The fire started in the utility room on the first floor of the house. There was a recall on the dryer two months later, so it could have been an electrical fire, easy: there's plenty of accelerants that are common enough around the house, turpentine, butane, kerosene. The furniture in the den that collapsed into the basement was mostly wicker with foam cushions. Almost as good as gasoline.

"Kevin thought they might have gone into the basement to get away from the smoke," John says, looking at the mess of mulch and tinder where the den used to be. "But the fire went down after them and that's where it got the hottest. Still doesn't make any sense."

"There could have been a second fire down there," Karen says. "Started later."

They were good people, the Hales. John stares into their dining room, two walls stripped away now, charred wallpaper drooping toward the ground. "I still—I can't imagine it," he says. "Who'd do something like this, Karen?"

Ralph Keller, who'd burned down the Whiting barn, was a real estate developer down in the Bay Area and had his own stables. He was calm, collected when they cuffed him and took him in. "Showed her right," he said to John, sitting right next to his lawyer. "She deserved it."

Now, Karen folds her arms close against the early morning chill. "Someone who thought they had a reason," she says.

—

John comes home from a day shift a few weeks into his investigation and finds Stiles upstairs in the spare room with a pile of Nadya's books around him. Even after years in the US, Nadya still read and wrote mostly in Russian, to former colleagues and her mother and sister at home. She taught Russian at the community college, but never spoke it at home aside from endearments and the diminutives she draped over their son, always Vova, Volodya, Volodechka, never his given name. Toward the end she spoke in Russian at the very edges of sleep, chest rising and falling with her breath while her lips barely moved. John knew what was important: _I love you_ , _my darling_ , _it'll be all right._

The books Stiles pulled out of the bookcase are familiar, the scuffed copy of _Eugene Onegin_ next to a collection of short stories by Petrushevskaya, the older books that have been in Nadya's family for years, and then some of Nadya's notebooks, her sloppy, rounded handwriting in felt-tip bleeding into the lined pages. Stiles isn't looking at any of them. He's doubled over, arms around his knees, hyperventilating. Panic attack. This isn't the first.

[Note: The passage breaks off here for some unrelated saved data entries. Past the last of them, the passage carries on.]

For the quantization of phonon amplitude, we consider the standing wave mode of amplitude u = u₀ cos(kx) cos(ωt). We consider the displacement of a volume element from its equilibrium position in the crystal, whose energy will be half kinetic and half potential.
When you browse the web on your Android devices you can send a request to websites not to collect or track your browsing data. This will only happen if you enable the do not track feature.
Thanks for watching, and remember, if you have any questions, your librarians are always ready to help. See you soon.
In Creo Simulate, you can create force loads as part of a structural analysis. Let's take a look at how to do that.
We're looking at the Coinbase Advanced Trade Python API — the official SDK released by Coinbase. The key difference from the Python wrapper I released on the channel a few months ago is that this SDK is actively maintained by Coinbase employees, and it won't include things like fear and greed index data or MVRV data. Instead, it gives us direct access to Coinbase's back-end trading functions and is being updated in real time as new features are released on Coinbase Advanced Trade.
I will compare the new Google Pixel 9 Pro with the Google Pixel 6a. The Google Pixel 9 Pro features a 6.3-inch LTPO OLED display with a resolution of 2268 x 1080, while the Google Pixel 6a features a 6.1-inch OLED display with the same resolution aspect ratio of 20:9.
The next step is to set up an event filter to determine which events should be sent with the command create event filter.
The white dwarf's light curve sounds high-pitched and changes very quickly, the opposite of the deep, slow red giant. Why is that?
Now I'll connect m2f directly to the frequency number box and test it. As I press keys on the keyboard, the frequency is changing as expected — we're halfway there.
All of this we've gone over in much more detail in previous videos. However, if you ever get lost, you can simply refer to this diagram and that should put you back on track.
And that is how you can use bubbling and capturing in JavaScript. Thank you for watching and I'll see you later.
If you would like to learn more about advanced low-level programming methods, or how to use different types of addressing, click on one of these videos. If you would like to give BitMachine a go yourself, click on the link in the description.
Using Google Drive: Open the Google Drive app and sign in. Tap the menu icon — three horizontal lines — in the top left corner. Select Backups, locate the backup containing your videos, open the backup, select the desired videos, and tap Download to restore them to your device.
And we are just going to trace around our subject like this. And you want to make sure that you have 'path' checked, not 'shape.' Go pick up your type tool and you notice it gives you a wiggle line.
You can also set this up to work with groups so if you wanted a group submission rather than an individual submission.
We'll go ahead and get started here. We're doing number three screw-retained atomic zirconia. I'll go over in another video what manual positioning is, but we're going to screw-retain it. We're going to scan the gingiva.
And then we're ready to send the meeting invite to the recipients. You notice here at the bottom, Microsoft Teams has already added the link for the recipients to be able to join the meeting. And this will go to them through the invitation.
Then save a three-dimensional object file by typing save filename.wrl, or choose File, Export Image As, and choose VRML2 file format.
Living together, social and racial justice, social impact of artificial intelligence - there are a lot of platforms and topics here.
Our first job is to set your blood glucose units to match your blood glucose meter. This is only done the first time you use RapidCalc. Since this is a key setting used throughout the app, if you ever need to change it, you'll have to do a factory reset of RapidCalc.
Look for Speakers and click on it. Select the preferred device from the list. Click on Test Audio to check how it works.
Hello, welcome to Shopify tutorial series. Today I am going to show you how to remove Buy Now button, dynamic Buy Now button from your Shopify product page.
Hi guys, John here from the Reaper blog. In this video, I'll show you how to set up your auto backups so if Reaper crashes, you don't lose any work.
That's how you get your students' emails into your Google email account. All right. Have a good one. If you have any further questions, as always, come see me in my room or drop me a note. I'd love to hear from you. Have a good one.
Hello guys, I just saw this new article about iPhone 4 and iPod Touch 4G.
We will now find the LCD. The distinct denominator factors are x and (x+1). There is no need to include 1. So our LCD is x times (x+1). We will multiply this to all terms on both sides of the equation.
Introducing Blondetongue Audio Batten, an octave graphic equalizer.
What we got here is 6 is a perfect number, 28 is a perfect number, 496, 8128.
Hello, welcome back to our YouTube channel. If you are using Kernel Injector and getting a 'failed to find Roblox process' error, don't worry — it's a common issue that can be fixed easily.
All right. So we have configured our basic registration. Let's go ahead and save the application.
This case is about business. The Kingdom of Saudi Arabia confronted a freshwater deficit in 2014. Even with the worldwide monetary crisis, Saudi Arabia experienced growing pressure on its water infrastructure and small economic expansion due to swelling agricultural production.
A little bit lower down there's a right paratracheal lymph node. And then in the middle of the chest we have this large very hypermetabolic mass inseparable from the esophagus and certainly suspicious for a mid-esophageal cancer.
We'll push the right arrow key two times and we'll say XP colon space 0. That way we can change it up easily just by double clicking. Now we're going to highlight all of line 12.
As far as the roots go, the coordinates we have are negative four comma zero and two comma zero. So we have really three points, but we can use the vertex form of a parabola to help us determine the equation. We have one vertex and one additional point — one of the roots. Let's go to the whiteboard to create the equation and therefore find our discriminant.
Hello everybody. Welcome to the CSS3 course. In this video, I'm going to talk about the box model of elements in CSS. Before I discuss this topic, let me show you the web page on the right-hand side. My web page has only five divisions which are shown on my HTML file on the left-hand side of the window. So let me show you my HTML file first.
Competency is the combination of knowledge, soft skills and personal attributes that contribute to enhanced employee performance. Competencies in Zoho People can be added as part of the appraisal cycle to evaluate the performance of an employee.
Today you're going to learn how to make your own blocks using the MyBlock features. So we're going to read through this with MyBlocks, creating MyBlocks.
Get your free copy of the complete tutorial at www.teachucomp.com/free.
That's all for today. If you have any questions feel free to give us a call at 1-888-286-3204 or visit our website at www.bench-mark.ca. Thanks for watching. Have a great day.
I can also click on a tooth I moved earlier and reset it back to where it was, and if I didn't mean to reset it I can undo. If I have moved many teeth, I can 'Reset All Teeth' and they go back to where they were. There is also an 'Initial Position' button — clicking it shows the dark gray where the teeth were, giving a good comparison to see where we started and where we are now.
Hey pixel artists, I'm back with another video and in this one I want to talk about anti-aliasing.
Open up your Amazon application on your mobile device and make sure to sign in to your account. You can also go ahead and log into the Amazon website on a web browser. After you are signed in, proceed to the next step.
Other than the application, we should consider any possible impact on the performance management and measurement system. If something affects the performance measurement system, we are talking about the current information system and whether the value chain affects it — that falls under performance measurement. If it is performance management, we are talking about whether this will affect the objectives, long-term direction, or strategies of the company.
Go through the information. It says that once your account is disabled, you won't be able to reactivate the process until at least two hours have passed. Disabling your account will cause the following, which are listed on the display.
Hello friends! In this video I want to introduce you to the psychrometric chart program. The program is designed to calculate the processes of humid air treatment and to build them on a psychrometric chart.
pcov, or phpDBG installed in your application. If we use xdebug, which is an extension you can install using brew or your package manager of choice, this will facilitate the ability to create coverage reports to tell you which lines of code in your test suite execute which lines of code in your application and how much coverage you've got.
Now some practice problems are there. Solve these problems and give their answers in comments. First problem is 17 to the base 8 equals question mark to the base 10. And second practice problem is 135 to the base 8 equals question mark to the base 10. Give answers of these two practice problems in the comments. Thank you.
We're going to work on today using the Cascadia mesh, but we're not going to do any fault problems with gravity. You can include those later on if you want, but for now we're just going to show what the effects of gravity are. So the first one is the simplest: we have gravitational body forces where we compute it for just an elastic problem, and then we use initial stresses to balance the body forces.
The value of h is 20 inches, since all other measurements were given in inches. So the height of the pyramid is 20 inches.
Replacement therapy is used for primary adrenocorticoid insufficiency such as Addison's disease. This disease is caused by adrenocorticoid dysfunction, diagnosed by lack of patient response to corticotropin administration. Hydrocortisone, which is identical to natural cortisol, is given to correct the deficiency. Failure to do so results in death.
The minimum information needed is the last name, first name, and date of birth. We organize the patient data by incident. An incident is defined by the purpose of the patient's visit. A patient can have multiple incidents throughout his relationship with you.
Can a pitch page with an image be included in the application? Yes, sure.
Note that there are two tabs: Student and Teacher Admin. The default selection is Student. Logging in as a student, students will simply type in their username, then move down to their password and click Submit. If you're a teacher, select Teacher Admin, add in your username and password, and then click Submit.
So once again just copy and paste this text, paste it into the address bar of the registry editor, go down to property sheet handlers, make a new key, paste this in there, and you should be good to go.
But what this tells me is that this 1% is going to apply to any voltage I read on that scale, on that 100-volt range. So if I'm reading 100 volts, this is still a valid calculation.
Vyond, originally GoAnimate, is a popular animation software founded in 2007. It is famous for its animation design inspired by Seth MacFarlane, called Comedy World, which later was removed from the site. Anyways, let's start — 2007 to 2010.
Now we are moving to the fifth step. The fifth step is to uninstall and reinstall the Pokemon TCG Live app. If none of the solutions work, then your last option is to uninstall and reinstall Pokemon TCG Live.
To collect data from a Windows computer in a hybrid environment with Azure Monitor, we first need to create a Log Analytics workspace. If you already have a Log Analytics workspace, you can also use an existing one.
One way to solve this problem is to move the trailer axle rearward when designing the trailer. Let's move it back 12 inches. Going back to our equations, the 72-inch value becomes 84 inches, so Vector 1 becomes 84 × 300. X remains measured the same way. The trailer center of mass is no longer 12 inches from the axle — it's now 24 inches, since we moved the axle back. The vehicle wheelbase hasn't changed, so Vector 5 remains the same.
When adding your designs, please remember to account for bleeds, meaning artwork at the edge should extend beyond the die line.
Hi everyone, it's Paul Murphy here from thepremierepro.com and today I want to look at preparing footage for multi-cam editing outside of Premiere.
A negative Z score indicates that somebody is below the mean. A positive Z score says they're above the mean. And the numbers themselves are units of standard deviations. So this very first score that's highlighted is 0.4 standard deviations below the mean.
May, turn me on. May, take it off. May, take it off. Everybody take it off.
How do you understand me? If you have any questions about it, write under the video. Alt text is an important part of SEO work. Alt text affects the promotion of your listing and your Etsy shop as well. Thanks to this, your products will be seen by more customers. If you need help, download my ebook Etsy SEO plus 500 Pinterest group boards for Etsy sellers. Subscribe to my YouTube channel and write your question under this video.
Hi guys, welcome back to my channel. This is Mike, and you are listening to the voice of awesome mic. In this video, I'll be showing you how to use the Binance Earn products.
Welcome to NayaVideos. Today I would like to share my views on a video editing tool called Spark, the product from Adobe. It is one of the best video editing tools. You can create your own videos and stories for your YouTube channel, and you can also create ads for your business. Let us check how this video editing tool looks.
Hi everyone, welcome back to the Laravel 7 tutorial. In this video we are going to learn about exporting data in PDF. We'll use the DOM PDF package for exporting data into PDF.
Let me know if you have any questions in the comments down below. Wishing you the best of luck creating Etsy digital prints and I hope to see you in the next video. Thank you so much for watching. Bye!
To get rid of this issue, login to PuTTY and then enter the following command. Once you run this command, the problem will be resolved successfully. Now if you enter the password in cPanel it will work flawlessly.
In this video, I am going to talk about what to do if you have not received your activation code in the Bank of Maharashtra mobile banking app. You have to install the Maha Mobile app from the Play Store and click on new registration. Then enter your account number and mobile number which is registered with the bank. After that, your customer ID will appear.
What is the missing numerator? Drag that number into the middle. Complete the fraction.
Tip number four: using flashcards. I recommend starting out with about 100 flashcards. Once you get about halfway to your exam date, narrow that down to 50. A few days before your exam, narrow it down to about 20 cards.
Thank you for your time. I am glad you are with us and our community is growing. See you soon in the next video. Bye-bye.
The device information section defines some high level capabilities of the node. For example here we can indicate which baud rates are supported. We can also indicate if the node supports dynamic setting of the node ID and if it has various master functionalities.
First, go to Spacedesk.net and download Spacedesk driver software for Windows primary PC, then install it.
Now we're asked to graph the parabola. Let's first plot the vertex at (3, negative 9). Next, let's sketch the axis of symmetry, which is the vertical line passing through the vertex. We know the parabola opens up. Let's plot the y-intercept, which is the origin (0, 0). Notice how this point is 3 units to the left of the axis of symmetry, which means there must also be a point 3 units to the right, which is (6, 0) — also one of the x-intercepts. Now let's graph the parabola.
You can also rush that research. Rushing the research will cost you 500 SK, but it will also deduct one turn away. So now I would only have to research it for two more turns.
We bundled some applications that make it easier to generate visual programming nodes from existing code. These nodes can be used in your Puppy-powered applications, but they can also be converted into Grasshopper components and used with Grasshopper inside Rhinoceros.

John gets down on his knees, close to his son but not touching. "Stiles," he says. "Breathe. You can breathe. You want to count with me? We'll do it together."

There are tear tracks down Stiles's face, dried, when he lifts his head. "'kay," he says, choking on the word.

Later, they sit on the couch and talk around it. Which isn't what Stiles's counselor said to do, but that's why he has a counselor, to talk about things. If John talked about Nadya all the time, he's the one who'd be having panic attacks. But he can do this—be present. Take care of his son the best he knows how.

Stiles wipes at his nose with the back of his hand. "Why didn't mom ever teach me?"

"I don't know," John says. "She said—she said a lot of things, when I asked her. That you'd learn it if you wanted, when you were older. That you didn't need it. I was never any good with languages, so I never—I didn't try, really. I should have—"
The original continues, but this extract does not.